The big bag, bottom centre, for instance, is basically the same contents as the set Bran Berke found for a previous Rack Toy Month, years ago, in a seaside shop in Blackpool (I think, I did ask him, but it would take too long to find the eMail!), and were, therefore still around until quite recently, while others have had an over-marking, or re-marking with 'China', since the heady days of the 1970's.
 
Here's a mixed lot, also looking like Holly with no Gygax's, but it does carry the full size versions of the two mammals, also copied by LB as mini's, in the prehistoric set we saw here, while the arrow-headed amphibian (Diplocaulus) to the far right is another one (like the Owlbear) which seems harder to find than most of the others, suggesting a tool was lost or damaged, or lost a couple of cavities, early in the full set's run?
 
Awesome Kids recent'ish set of Britains Deetail knight knock-offs, with four of the 'winged wisker' monster (Glabrezu), upon which the artwork for the above Dagar #2 comic may have been based (there are three very similar sculpts, none of which Gygax used), so some of the tool's cavities are still around, even if the whole set, or most of its parts, are lost, or, just lost on a shelf somewhere?!

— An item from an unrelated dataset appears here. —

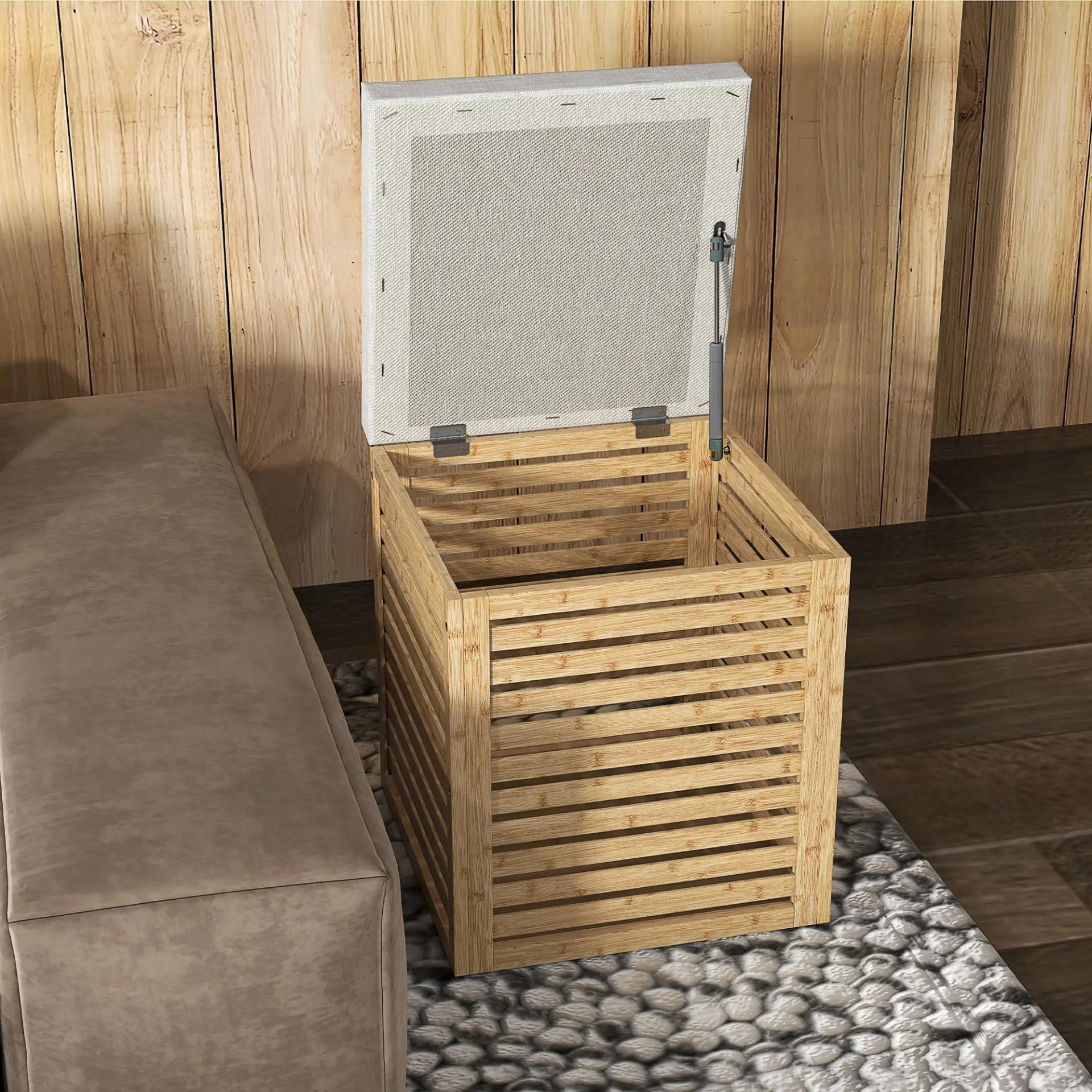 Baúl de Almacenaje para Dormitorio 54,7L con Asiento Desmontable Marco de Bambú 40x40x47 cm Gris y Natural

Again, no Gygax types, and while you might think this to be a generic for Woolworths or Littlewoods, the old catalogue people, they had 3-spot ladybirds, for the famous clothing range, until recently, while the equally famous, or even iconic Ladybird Books had a 7-spot, so I guess this was just bandwagoning, and I think they might have been in WHSmith around '78/79? But I'm not sure why I think that?
 
Anyway, there's lots more to come, and hopefully it will all start to fall into place, or at least, make a little more sense by the end of the week. So: not really 'Gygax' monsters at all, but always going to be Gygax Monsters now!